You say the drug they suggested your Mom take was not for those with Dementia. I read that about one of the medications prescribed for my Dad, too. (Can't remember the name of it, at the moment.) I told my sister about it, and swore I'd not allow them prescribing it for him. But the orders changed to something else. They can tap dance around anything, it seems. I'm always getting explanations by someone about something, explaining away their reasons for some action. It makes you wonder who to believe sometimes, and is generally frightening. Since I'm no Pharmacist or Physician, I have to rely on the "expertise" of others, who prescribe these things every day. I figure they know more than me about these matters. Nevertheless, when I research things on line, or read the package inserts, I too, am disconcerted by their warnings.

I asked a Physician about it. He told me that they have to report negative reactions by anyone who's ever taken that medication. These can be anything from headaches, to dizziness, nausea, earaches, toothaches...etc., and the list can be quite extensive. They say it doesn't mean that taking the med will necessarily cause these symptoms, but that it has in "some people, at some time." As for the "not for those with Dementia" question, I never got a clear answer when I asked it. So, I'm just as curious as you are. I've also been told that not all we read on the Internet is reliable. Now, who are we supposed to trust??? Good question!
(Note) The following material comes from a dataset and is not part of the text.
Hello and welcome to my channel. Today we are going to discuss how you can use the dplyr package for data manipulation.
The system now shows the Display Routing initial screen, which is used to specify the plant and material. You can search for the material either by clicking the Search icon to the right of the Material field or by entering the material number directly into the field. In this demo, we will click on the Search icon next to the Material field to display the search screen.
For all they have tried, and for all they are prescribing, nothing has seemed to curb Dad's negative behavioral tendencies. Some days I wish he would progress out of the angry stage he's in, rather than play guinea pig to these failing experiments. And some days, I just want to cry for him. Alzheimer's and Dementia are not kind. A friend, who's also a nurse, told me that every behavior has a reason. It's our job to find out what they are trying to communicate through the behavior. But it seems the medical profession wants to treat the behavior, without always investigating or eliminating the cause.

Sorry to hear your Mom and family are strugglingwith this issue , too. Seems to be a common struggle... It's hard to see this happen to our loved ones, isn't it? And it's hard to be their advocate, when we don't have all the necessary answers.
I understand your concern about medication and its effects. Soemtimes there is no other choice than to try a particular medication. My Dad does not have Alzheimer's. However, he was prescribed ativan for anxiety during a hospital stay. I discovered that the prescribed dosage for this medication can vary widely. Dad does very well on a very small dose. It relaxes him without other negative side effects. I suggest you ask what dosage has been given. See if they are willing to try a lower dose to try to control the symptoms. It may be that it with a little testing, a lower dose will help resolve behavior issues.

I hope this will help you. Please let us know how you make out.